Beyond the context of food, I think most of us feel this way about life to a greater or lesser extent. We know what we like, and those things are comforting. But we’re always worried we’re going to get something we don’t like. It can be tempting to fall into the common human trap of working tirelessly to experience as much pleasure as possible, and to avoid as much pain as we can. On the surface, this looks like common sense. Of course we want to feel good and don’t want to feel bad. But in practice it leads to a limited life, a life of constant fear and anxiety – fear we may lose comfort and have to experience what we don’t want.

It’s why I love relating to individuals. Each of us is particular and contains limitations, thresholds. It’s just part of us. We each contain particular fears and particular hopes, and the more you really know someone, you see this particularity. Nobody is quite like someone else.

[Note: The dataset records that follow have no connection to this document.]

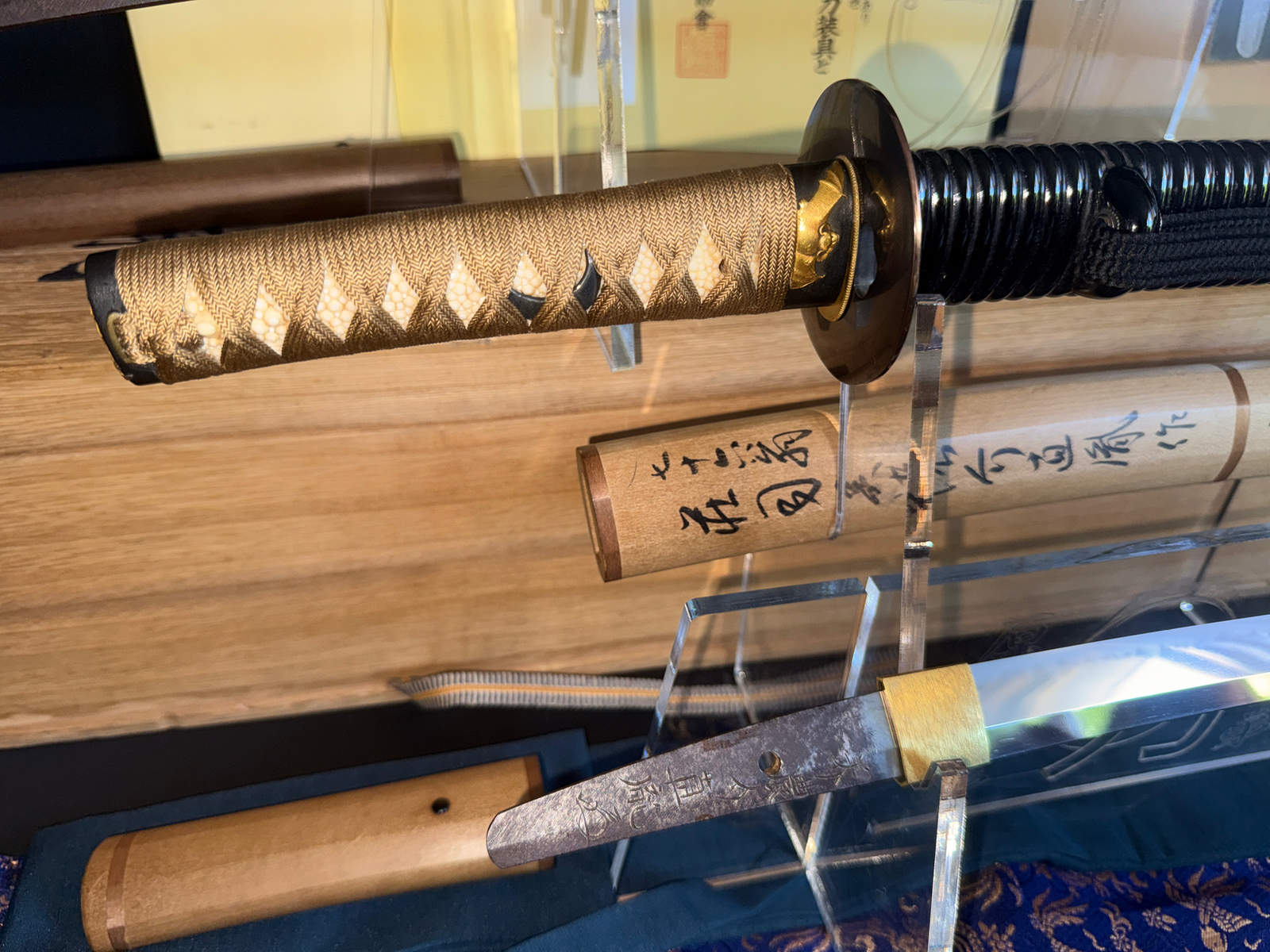 Close-up of Naotane's Final Known Daishō katana hilt and exposed tang with inscription, blade in foreground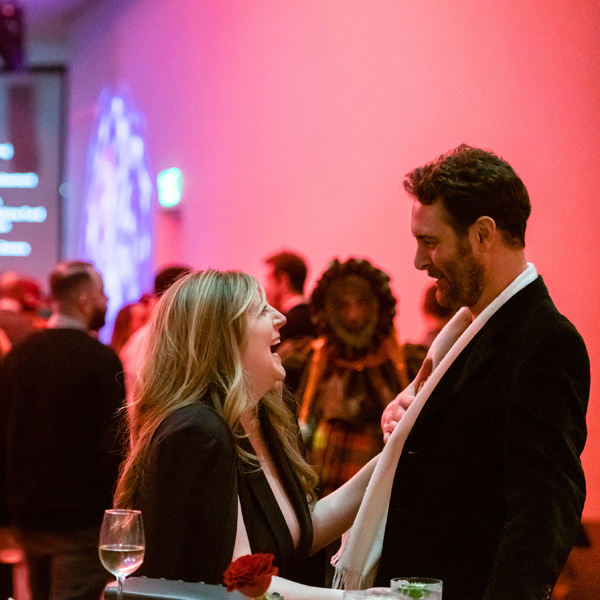 A man and woman laughing over drinks at an after hours event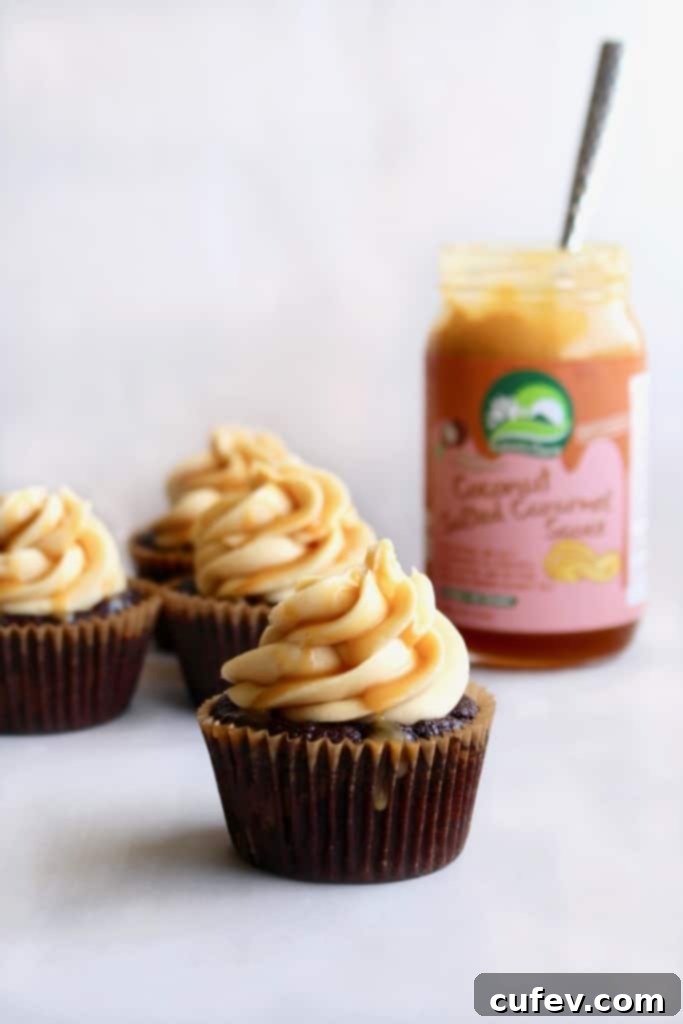 These vegan salted caramel chocolate cupcakes are incredibly moist, filled with coconut salted caramel sauce, and topped with silky salted caramel buttercream. Perfect for any occasion or satisfying a sweet craving, featuring rich chocolate cake and dairy-free caramel.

For me this is what it means to savor – to notice things like that. To notice what makes someone or some situation absolutely unique and incredible. Savor is connected to appreciation. I thought for years that I could only appreciate things or people I liked.

I thought appreciation was synonymous with liking. I thought I could appreciate within my range of taste. I was wrong. To appreciate is to recognize the full worth and implication of any given situation. To recognize the full worth and implication. There is no limitation to this.

It can be very difficult to do sometimes, true, but I think it’s worth it. It can be tempting to avoid things or people that we don’t like, probably most especially in our families. But even if we feel it is wise to keep our distance, we don’t have to stop appreciating. With appreciation comes understanding. I appreciate both my parents very much. I definitely didn’t like everything they did – but appreciation does not need to be limited by my likes and dislikes. This does not mean if you appreciate you are forced to forgive or enable. It just means you allow yourself to see more of the picture – to recognize the full worth and implication of someone.

I think this is so important in our political climate. There is so much splitting that is happening not just among different political parties but within the parties themselves. I don’t think this kind of splitting can be helped, but I do think this is the time for appreciation – To really see the value and understand the full implication of an individual and of a society.

This gives direction to our struggles, and it allows us to wed passion with calm. Right now there is lots of passion – feverish passion. This passion needs to be sustained over time, and this can only happen with appreciation – appreciation of everyone in the situation were in – a situation of environmental and political crisis. There is a lot at stake, and most of you know this. Perhaps it’s why you’re here. You may feel moved to either go out there and go change the world. And this can be positive. Or you may feel so overwhelmed and oversaturated that you’re taking a fast from Facebook and anything to do with politics or news.  This also can be positive. No matter where you are on the spectrum, I think it begins and ends with appreciation. Appreciation for our own limitations, appreciation for the persons next to us, appreciation for the people in the pew you’re in, appreciation for everyone in this room. The hope is we can carry that appreciation out into the world.

The situation of being alive and having to die is pretty brutal. We’re all hanging off the cliff being chased by tigers. And we don’t know when our time will come. It’s okay to appreciate this moment while we have it. It’s okay to taste the fruit, to taste the dessert, to taste the reality of our life and the life of another, and in the face of death, say yum.